I only encountered Father Don Noel once, and he had just returned from a pilgrimage himself. Noel was undertaking a forensic reconstruction of the head of St. Norbert of Xanten – an endeavor that yielded the best likeness we have of this 12th-century reformer. In Prague, Noel had cradled the skull of Norbert in the hands I was now clasping. A touch of bone – even a touch at one remove – gets your attention: It has an impact quite different from that of an overly familiar name.
A few weeks later, I happened to be introduced to the photographer who had lived with, and documented the work of, the Blessed Mother of Calcutta. That’s a story for another day but, all the same … . Let nobody suppose that our fervor for relics ended with the Middle Ages.
So this notion of hanging with the saints, if by degrees of separation, was not a new one to me when our president mentioned he had visited, on the eve of his inauguration, the tomb of Abbot Bernard Pennings. Pennings, who lies in the crypt of our abbey, was our college’s founder and first president – president through the better part of the ensuing six decades, in fact.
“I thought it might be a good idea to spend some time with the old guy,” said Tom, simply. I was struck by the common sense, not to mention the courtesy, of this gesture. And actually, I wouldn’t be surprised if he’s been back there a few times since.
Bone structure
Our study group, as it happened, was learning about crypts: about tombs, relics and the different attitudes to memorial that we would meet on our upcoming tour of abbeys in Central Europe. It seemed that every church would have at least one nicely dressed saintly skeleton on display; the respectable bones were afforded hospitality in much the same way as any other valued incomer to the parish. (“It’s all about hope, really,” Father Ulrich of Roggenburg Abbey was to tell us, tenderly, as he took down the screen that kept St. Severina in decent seclusion. “Things might get really terrible. But at the end of the day you will be here, with us.”)
We had begun our study of our college’s roots 12 months earlier. At St. Norbert, we’re proud to be the only institution of higher education in the world founded by the Order of Premonstratensians – the Norbertines, or White Canons. There’s something truly exciting about that distinction, as one of our theologians, Paul Wadell, is wont to remind us: “We’re not like the Jesuits, say, who have schools all over the place! At St. Norbert, if we don’t get it right – who will?”
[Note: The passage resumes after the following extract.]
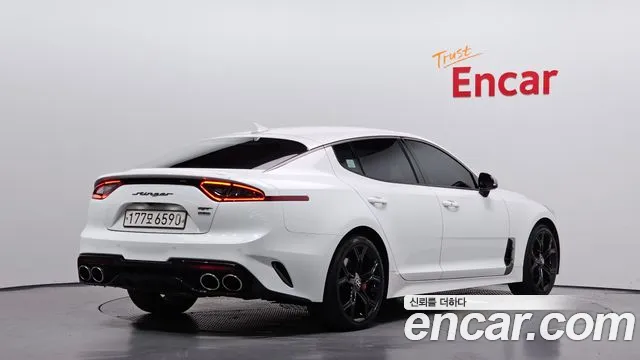 Kia Stinger 2019 thumb 11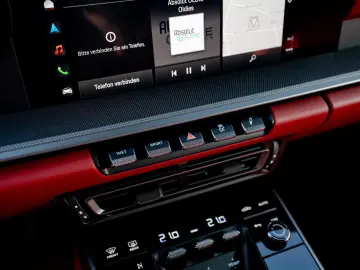 PORSCHE 992 Carrera S   1. Hand   14-Weg   Bose   SHD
In fact, we relish a healthy tension: that between our roots in a religious community founded nearly 900 years ago and our yearly intake of eager young minds. Although there was a time, it is claimed, when we might have graduated students who did not know that St. Norbert was a real person, he is alive to us now. We discuss him in class, post videos about him on Facebook and find ourselves brainstorming about the man in marketing meetings. (Men who experience religious conversions tend to do so by falling off their horses or being struck by lightning. The young Norbert may have presented as a particularly tough case, because he got dealt both misfortunes at once. We ask ourselves what, in his remarkable subsequent career, might seize the imaginations of prospective students ready to change the world.)
We have reclaimed our heritage and our group – the seventh annual Cornerstones seminar – was one of the outcomes. We were preparing to tour eight Norbertine abbeys; we were bound for Prague where I, for one, was intent on spending some time at the tomb of Norbert himself.
Remembered in stone
St. Norbert is big in Prague – literally. His is the central statue on the much-visited Charles Bridge – bigger even than his stony neighbor, Wenceslas. In fact, Norbert is a key figure in church history, as well as the patron saint of Bohemia. Before all that, he was the younger son of a noble family, finding his position in life as a desultory cleric. After his conversion, he was to become itinerant preacher, peacemaker, radical reformer of the Church and founder of the religious order that bears his name.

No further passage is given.